Wtóruje mu Ewa Marczak, radca prawny z Kancelarii Radców Prawnych Zygmunt Jerzmanowski i Wspólnicy sp.k. Według niej choć członek zarządu nie ponosi wprost odpowiedzialności za działania prokurenta, to należy pamiętać, że w przypadku, gdy egzekucja przeciwko spółce z o.o. okazuje się bezskuteczna, wówczas członkowie zarządu ponoszą odpowiedzialność za jej zobowiązania, które mogą także wynikać z czynności podejmowanych w imieniu spółki przez prokurenta (art. 299 k.s.h.).
– Członek zarządu za działania prokurenta nie powinien zasadniczo ponosić odpowiedzialności na podstawie art. 293 par. 1 k.s.h., ponieważ przepis ten reguluje odpowiedzialność członka zarządu za szkodę wyrządzoną spółce przez jego własne działania lub zaniechania – twierdzi mecenas Ewa Marczak. Ale dodaje, że wyjątkowo członkowi zarządu będzie można przypisać odpowiedzialność z art. 293 par. 1 k.s.h. w sytuacji, gdy szkodliwe dla podmiotu działania prokurenta będzie można powiązać z nienależytym wykonaniem obowiązków związanych z zarządem nad spółką.
– Należy także zwrócić uwagę, że to członek zarządu (a w przypadku zarządu wieloosobowego – członkowie zarządu) wyrażają zgodę na powołanie prokurenta – podkreśla Ewa Marczak. – Powołane niewłaściwej osoby może spotkać się zatem z negatywną oceną członka bądź członków zarządu przez wspólników spółki – uważa prawniczka.

Konsekwencje dla spółki

Co do zasady skutki wadliwych lub niezgodnych z prawem działań prokurenta poniesie bezpośrednio spółka (np. jeśli doszło do świadomego wprowadzenia zamawiającego przez prokurenta w błąd co do spełniania przez spółkę warunków udziału w postępowaniu, to zostanie ona wykluczona z przetargu). Ewa Marczak tłumaczy, że prokurent jest szczególnego rodzaju pełnomocnikiem, który podejmuje czynności w imieniu i ze skutkami dla reprezentowanego podmiotu. Oznacza to, że działania podejmowane przez niego w imieniu spółki w granicach jego umocowania wywołują konsekwencje dla jej samej.
– To reprezentowana spółka poniesie zatem skutki działań jej prokurenta – podkreśla mecenas Marczak.
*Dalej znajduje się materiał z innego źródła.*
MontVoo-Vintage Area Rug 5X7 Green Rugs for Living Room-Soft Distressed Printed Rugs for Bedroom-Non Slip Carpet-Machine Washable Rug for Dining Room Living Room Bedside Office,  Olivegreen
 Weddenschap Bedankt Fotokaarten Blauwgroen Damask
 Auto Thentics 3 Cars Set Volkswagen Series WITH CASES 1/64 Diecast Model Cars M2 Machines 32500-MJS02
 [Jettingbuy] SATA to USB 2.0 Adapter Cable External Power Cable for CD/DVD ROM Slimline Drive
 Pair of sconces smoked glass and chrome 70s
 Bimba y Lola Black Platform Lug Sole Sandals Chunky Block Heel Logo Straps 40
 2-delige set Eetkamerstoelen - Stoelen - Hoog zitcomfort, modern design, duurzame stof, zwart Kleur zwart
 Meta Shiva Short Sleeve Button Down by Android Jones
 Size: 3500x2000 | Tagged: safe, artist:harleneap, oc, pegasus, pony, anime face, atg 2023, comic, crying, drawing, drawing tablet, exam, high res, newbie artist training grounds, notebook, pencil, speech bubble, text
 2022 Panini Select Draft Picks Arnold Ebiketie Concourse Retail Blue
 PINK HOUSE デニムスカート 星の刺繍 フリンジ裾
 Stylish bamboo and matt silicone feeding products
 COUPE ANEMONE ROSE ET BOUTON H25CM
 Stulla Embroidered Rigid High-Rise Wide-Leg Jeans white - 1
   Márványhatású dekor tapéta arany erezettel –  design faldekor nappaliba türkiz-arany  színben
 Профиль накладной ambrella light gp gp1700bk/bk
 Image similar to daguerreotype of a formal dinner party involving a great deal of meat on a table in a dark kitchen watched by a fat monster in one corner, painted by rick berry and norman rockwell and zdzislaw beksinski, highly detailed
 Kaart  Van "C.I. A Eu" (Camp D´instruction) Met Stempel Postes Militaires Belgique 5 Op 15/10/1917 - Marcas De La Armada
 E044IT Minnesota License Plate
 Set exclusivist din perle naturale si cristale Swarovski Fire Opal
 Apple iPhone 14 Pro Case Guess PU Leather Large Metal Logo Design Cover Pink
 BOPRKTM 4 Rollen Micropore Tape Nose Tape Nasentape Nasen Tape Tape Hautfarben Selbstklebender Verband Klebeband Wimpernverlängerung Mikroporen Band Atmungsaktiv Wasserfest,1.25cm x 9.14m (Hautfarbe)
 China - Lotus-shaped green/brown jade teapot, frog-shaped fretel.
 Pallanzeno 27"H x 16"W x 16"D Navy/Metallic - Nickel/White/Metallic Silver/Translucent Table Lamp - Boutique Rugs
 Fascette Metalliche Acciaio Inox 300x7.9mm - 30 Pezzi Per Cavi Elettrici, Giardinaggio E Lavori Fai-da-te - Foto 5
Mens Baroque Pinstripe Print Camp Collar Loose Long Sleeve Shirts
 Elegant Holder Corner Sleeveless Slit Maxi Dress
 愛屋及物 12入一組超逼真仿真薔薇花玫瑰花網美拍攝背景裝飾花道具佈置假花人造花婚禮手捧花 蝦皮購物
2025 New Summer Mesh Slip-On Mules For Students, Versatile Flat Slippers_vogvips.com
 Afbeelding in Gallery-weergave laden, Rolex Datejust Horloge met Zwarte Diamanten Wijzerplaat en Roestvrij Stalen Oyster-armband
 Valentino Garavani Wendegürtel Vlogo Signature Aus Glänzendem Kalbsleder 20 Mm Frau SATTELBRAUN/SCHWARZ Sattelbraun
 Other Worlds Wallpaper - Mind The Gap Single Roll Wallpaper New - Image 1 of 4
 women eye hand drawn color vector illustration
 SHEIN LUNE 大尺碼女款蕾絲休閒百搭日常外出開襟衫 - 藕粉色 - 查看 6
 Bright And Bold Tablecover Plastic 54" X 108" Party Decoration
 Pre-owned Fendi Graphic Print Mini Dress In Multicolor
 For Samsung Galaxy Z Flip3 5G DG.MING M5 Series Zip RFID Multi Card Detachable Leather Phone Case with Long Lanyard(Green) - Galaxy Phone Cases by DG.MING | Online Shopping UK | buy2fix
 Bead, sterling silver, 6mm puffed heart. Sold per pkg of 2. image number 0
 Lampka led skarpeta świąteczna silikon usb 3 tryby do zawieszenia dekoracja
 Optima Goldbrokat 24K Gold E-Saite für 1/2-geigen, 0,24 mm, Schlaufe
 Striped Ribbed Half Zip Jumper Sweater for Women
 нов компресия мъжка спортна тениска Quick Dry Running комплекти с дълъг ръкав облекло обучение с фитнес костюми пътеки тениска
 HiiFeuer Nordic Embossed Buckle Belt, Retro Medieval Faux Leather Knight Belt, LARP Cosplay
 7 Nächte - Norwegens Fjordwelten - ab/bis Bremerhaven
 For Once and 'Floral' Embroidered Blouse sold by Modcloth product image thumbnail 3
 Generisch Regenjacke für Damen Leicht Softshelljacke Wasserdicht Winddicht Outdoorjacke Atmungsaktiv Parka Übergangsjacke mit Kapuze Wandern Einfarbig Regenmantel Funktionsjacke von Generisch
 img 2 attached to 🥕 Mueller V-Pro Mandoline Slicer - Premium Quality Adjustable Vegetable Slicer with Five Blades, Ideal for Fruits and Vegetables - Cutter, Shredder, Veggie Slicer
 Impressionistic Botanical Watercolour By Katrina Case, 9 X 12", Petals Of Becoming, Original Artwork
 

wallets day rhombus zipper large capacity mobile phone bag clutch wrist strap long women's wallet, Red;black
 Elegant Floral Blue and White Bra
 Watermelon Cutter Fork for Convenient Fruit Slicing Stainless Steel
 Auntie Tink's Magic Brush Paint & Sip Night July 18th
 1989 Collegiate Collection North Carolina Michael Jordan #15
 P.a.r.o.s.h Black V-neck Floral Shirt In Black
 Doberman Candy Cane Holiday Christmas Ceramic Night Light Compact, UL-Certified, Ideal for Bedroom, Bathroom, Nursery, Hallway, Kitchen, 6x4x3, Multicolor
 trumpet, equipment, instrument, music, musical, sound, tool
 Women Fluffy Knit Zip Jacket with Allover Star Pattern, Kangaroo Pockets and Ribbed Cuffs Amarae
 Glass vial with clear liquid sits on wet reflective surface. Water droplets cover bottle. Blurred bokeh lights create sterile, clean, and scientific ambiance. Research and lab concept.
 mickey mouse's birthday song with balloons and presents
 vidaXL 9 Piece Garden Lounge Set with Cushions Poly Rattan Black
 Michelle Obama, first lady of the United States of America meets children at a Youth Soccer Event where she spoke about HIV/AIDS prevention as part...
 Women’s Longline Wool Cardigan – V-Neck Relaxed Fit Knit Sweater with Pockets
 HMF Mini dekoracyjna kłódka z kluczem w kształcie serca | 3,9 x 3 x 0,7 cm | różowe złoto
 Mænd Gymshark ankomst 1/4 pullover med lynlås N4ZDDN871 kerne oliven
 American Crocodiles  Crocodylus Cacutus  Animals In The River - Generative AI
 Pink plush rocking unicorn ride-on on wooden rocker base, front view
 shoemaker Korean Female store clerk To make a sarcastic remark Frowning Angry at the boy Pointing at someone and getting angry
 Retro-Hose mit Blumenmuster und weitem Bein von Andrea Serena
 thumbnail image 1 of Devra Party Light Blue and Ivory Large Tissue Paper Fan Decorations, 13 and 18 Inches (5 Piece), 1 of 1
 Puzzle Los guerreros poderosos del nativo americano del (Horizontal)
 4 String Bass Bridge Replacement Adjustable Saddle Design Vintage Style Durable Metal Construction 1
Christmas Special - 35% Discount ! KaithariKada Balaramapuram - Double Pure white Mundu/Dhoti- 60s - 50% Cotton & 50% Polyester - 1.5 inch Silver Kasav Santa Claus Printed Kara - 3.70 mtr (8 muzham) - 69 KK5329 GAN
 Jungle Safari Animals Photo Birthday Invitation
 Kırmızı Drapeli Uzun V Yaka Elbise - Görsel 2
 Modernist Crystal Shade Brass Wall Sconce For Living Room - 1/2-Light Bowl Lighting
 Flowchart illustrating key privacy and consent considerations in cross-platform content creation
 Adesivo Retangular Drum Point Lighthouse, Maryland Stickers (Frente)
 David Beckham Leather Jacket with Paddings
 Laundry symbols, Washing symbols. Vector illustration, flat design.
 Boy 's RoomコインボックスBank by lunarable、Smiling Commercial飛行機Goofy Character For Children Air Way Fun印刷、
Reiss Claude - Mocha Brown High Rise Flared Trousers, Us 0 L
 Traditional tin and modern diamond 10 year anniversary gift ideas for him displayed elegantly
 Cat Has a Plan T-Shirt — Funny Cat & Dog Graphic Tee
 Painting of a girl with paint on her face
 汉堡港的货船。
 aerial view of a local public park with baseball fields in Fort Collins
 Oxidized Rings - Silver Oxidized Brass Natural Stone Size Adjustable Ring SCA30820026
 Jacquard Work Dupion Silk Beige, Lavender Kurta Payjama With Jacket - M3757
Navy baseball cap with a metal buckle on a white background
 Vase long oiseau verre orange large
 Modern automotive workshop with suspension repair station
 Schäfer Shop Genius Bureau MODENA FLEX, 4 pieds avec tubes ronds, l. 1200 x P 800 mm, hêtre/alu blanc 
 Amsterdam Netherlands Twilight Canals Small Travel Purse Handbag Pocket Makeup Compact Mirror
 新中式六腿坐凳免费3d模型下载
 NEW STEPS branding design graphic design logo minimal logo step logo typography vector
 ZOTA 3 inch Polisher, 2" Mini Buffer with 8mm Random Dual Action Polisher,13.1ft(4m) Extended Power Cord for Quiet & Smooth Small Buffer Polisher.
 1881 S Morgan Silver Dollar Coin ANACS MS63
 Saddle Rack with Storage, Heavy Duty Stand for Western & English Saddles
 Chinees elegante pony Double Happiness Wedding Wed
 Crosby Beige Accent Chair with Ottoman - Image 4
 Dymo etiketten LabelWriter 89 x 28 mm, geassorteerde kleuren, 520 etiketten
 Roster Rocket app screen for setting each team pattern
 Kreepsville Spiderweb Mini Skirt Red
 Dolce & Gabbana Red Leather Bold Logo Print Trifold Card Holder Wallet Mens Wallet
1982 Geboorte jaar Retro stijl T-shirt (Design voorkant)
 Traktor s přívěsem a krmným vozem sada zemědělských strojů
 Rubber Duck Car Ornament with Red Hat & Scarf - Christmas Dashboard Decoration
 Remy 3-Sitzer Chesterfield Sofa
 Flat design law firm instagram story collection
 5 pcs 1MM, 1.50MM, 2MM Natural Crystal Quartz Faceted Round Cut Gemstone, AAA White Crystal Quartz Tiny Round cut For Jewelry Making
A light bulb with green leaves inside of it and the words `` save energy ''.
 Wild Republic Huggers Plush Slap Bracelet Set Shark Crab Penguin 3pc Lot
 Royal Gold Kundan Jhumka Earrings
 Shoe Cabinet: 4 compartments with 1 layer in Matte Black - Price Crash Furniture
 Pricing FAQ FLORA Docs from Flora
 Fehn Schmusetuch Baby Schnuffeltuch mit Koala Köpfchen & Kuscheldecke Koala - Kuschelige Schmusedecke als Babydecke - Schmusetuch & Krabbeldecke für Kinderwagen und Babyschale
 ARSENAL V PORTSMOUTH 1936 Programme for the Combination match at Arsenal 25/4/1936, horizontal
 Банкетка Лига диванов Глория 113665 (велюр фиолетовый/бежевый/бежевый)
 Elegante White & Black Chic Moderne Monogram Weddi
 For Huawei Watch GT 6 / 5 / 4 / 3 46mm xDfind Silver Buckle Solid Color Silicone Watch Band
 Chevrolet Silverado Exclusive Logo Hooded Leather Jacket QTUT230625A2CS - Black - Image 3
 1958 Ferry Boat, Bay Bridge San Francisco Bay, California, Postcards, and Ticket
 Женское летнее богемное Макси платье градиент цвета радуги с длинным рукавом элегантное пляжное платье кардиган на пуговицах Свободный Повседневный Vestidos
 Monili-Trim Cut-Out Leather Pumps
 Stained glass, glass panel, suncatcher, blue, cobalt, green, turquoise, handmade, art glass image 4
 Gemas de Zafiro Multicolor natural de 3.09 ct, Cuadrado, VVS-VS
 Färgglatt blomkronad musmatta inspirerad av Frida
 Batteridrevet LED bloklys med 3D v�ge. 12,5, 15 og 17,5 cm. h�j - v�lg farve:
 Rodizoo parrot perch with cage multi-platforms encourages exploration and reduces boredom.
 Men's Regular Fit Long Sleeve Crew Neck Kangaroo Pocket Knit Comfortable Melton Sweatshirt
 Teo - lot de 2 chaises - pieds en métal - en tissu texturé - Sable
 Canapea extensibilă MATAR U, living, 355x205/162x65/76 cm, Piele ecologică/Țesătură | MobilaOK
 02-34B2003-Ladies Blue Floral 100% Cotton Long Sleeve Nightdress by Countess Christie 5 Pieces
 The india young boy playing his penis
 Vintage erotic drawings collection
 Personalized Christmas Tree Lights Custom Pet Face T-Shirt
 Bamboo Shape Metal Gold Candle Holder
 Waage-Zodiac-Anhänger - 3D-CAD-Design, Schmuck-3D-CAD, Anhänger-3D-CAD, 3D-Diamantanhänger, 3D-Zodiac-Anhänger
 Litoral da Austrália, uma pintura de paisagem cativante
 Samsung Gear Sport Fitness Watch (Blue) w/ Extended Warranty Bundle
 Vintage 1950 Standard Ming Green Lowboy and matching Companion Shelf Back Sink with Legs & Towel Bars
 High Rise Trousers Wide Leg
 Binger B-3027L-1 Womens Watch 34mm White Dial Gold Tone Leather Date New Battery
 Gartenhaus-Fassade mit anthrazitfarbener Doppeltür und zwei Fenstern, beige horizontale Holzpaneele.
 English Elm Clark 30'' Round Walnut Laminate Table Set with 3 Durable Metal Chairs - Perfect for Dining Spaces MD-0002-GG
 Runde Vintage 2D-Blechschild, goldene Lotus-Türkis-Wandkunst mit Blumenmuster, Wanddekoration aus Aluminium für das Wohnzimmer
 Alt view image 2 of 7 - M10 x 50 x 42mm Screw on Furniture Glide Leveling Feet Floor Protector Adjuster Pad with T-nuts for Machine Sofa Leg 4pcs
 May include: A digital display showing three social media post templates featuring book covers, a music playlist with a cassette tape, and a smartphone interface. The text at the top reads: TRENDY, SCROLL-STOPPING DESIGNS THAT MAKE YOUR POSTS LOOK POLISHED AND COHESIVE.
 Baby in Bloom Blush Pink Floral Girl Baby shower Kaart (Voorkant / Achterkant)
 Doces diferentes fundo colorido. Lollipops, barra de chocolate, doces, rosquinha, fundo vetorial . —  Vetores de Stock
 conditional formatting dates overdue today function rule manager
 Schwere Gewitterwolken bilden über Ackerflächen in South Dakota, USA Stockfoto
Zauważa, że zgodnie z kodeksem cywilnym prokura obejmuje umocowanie do czynności sądowych i pozasądowych, jakie są związane z prowadzeniem przedsiębiorstwa. – Ustawowy zakres umocowania prokurenta legitymuje go m.in. do występowania w imieniu spółki w postępowaniu o udzielenie zamówienia publicznego, w tym składania w jej imieniu oświadczeń – twierdzi prawniczka. I podkreśla, że możliwość samodzielnego działania przez prokurenta w imieniu spółki zależy od rodzaju udzielonej mu prokury.

Naprawienie szkody

Wojciech Łysek zastrzega jednak, że nie oznacza to całkowitej bezkarności prokurenta. – Za swoje działania może ponosić odpowiedzialność tak karną, jak i cywilną (zarówno wobec spółki, jak i osób trzecich). – Zakres oraz charakter odpowiedzialności będzie zależeć od wielu okoliczności, w tym od rodzaju działania prokurenta (tj. czy np. stanowiło ono przestępstwo) oraz od tego, czy łączyła go z mocodawcą osobna umowa (np. o pracę albo kontrakt menedżerski) – twierdzi Wojciech Łysek.
Z kolei Ewa Marczak uważa, że prokurent, który swoim działaniem lub zaniechaniem wyrządzi spółce szkodę, ponosi względem niej odpowiedzialność na zasadach ogólnych, przewidzianych w kodeksie cywilnym. W zależności od stanu faktycznego konkretnej sprawy spółka będzie mogła dochodzić od prokurenta naprawienia szkody w reżimie odpowiedzialności kontraktowej (art. 471 k.c.) lub deliktowej (art. 415 k.c.).
Podstawa prawna
• art. 1011, art. 415, art. 471 ustawy z 23 kwietnia 1964 r. – Kodeks cywilny (t.j. Dz.U. z 2019 r. poz. 1145, ost. zm. Dz.U. z 2020 r. poz. 875)
• art. 293 par. 1, art. 299 ustawy z 15 września 2000 r. – Kodeks spółek handlowych (t.j. Dz.U. z 2020 r. poz. 1526)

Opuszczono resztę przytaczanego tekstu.